## Work required
When you reach the line containing "CAR PASS Faux" in the data below, begin returning lines exactly as written, and stop once the line containing "Star Performer Employee" has been returned.

## Data for this exercise
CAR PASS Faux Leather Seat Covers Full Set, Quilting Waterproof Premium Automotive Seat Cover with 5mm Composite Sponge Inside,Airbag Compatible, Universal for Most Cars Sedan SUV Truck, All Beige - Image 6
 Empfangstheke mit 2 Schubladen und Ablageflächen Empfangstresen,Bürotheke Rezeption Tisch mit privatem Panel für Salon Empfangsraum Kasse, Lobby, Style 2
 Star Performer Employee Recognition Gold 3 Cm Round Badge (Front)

--

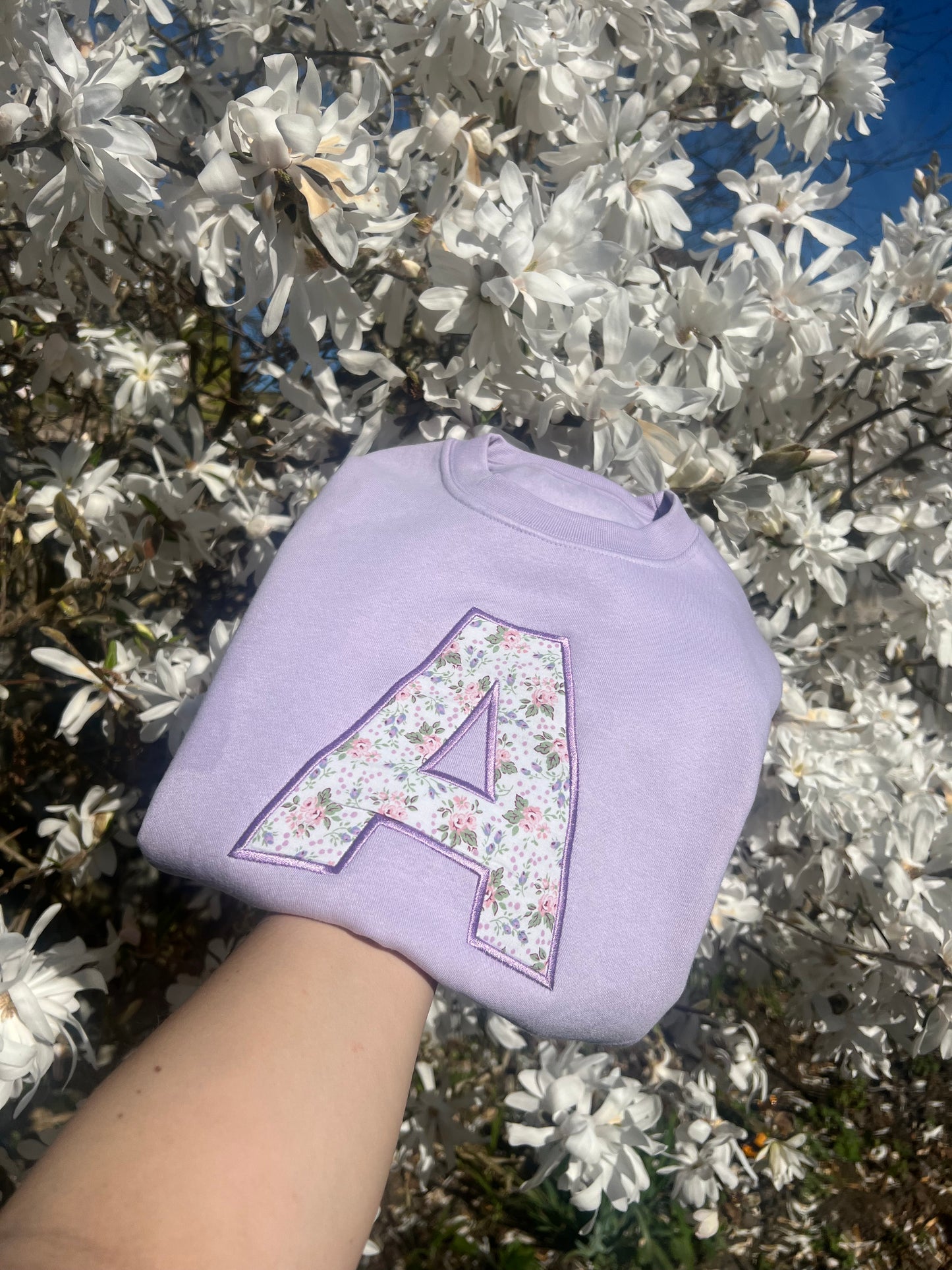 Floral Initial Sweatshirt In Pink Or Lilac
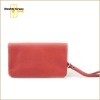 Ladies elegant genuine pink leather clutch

...

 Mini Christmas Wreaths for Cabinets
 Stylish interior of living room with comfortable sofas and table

## Your response
CAR PASS Faux Leather Seat Covers Full Set, Quilting Waterproof Premium Automotive Seat Cover with 5mm Composite Sponge Inside,Airbag Compatible, Universal for Most Cars Sedan SUV Truck, All Beige - Image 6
 Empfangstheke mit 2 Schubladen und Ablageflächen Empfangstresen,Bürotheke Rezeption Tisch mit privatem Panel für Salon Empfangsraum Kasse, Lobby, Style 2
 Star Performer Employee Recognition Gold 3 Cm Round Badge (Front)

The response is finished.